### WHAT THE TASK ASKS
Nothing but the lines from the one with "Khadi Premium Silk Designer Saree" through the end of the data should be set down, each exactly as written, and no picture should be included.

Records drawn from a dataset

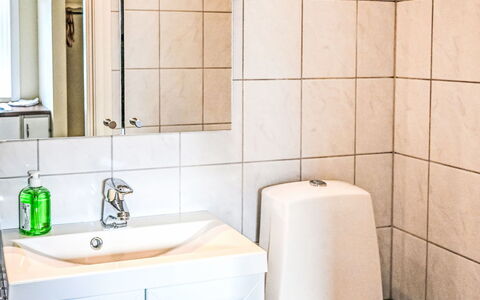 Hagen: Plumbing Fixture, Bathroom Sink, Bathroom, Sink, Toilet Seat, Flooring, Toilet, Floor, Interior Design, Tap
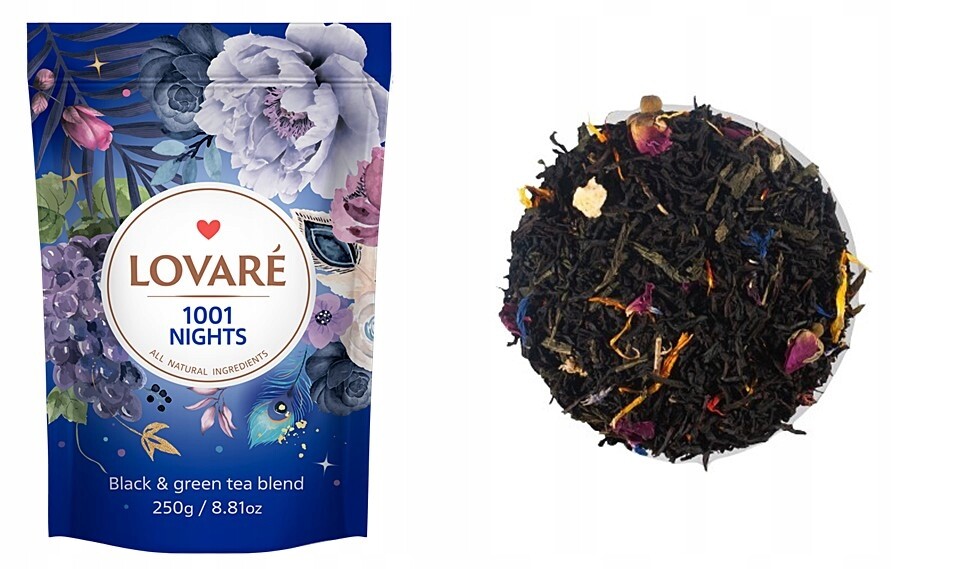 Lovare sypaný Čaj 1001 nocí 250g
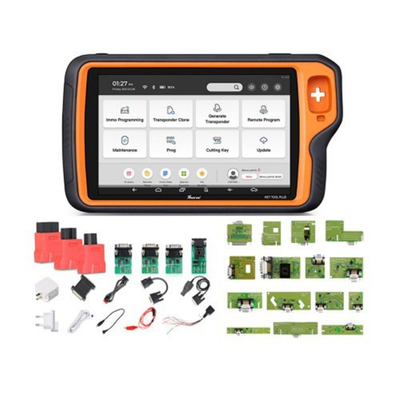 Xhorse VVDI Key Tool Plus Pad Plus Solder-Free Adapters and Cables Full Set XDNPP0CH 16pcs Get Free One Year Unlimited MB and ID48 96bit Tokens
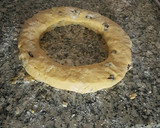 Foto del paso 7 de la receta: Roscón de arándanos almendra y queso crema
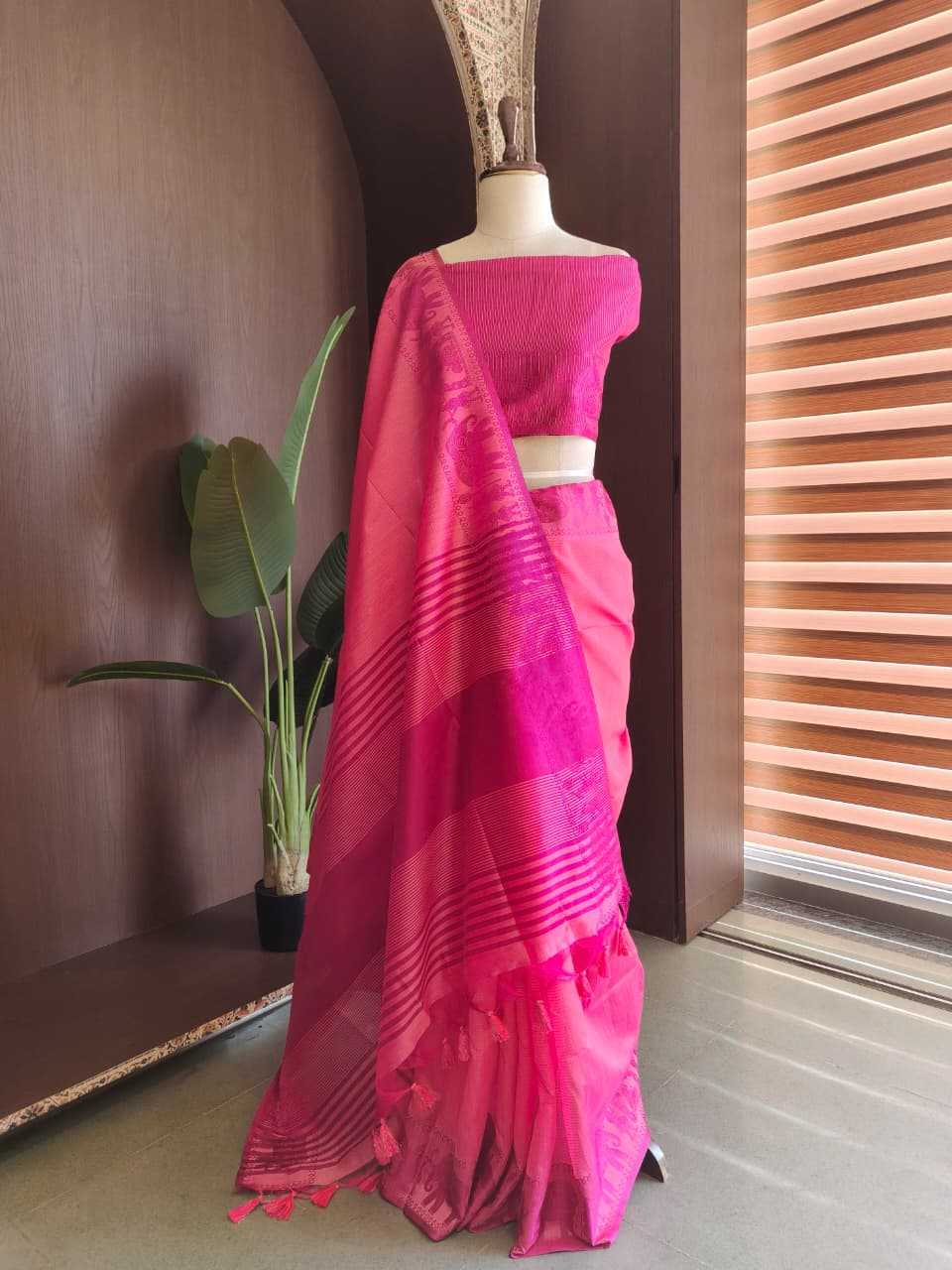 Khadi Premium Silk Designer Saree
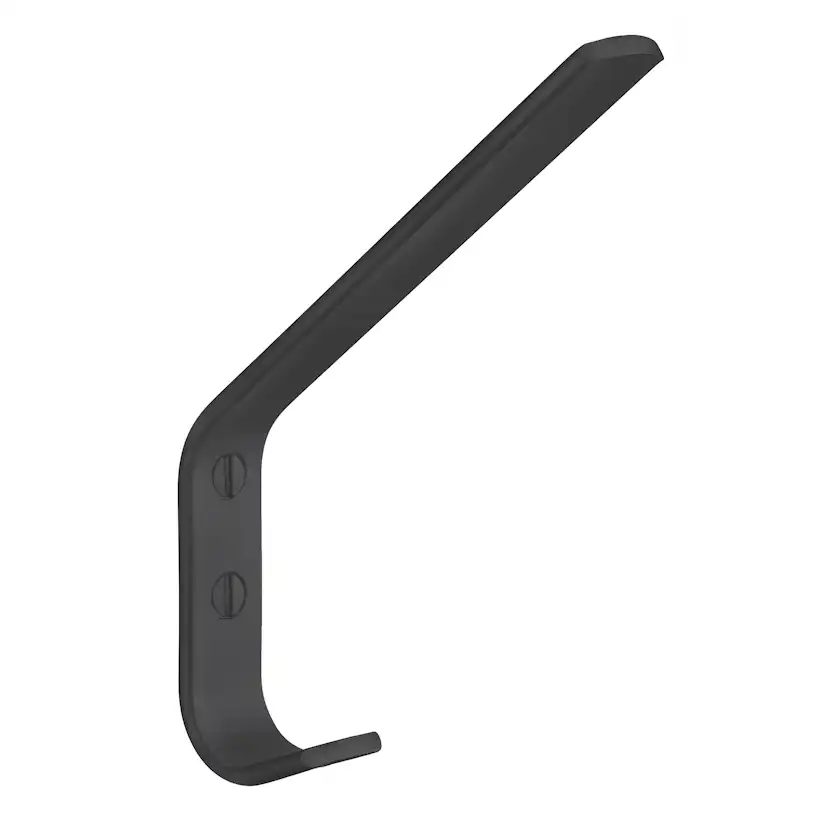 Hattkrok Beslagsboden Svart Aluminium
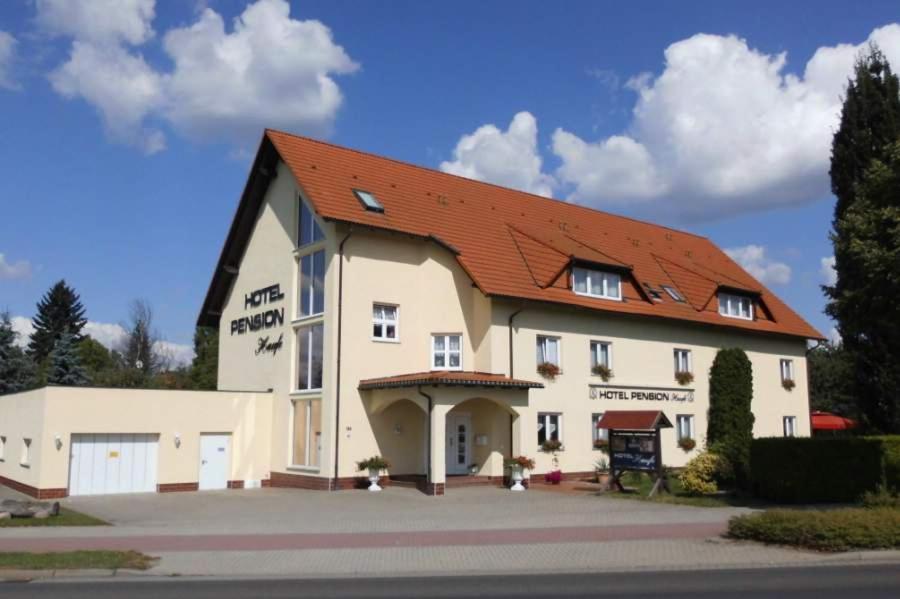 Hotel Haufe Форст Екстериор снимка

### PROBLEM SOLUTION
 Khadi Premium Silk Designer Saree
 Hattkrok Beslagsboden Svart Aluminium
 Hotel Haufe Форст Екстериор снимка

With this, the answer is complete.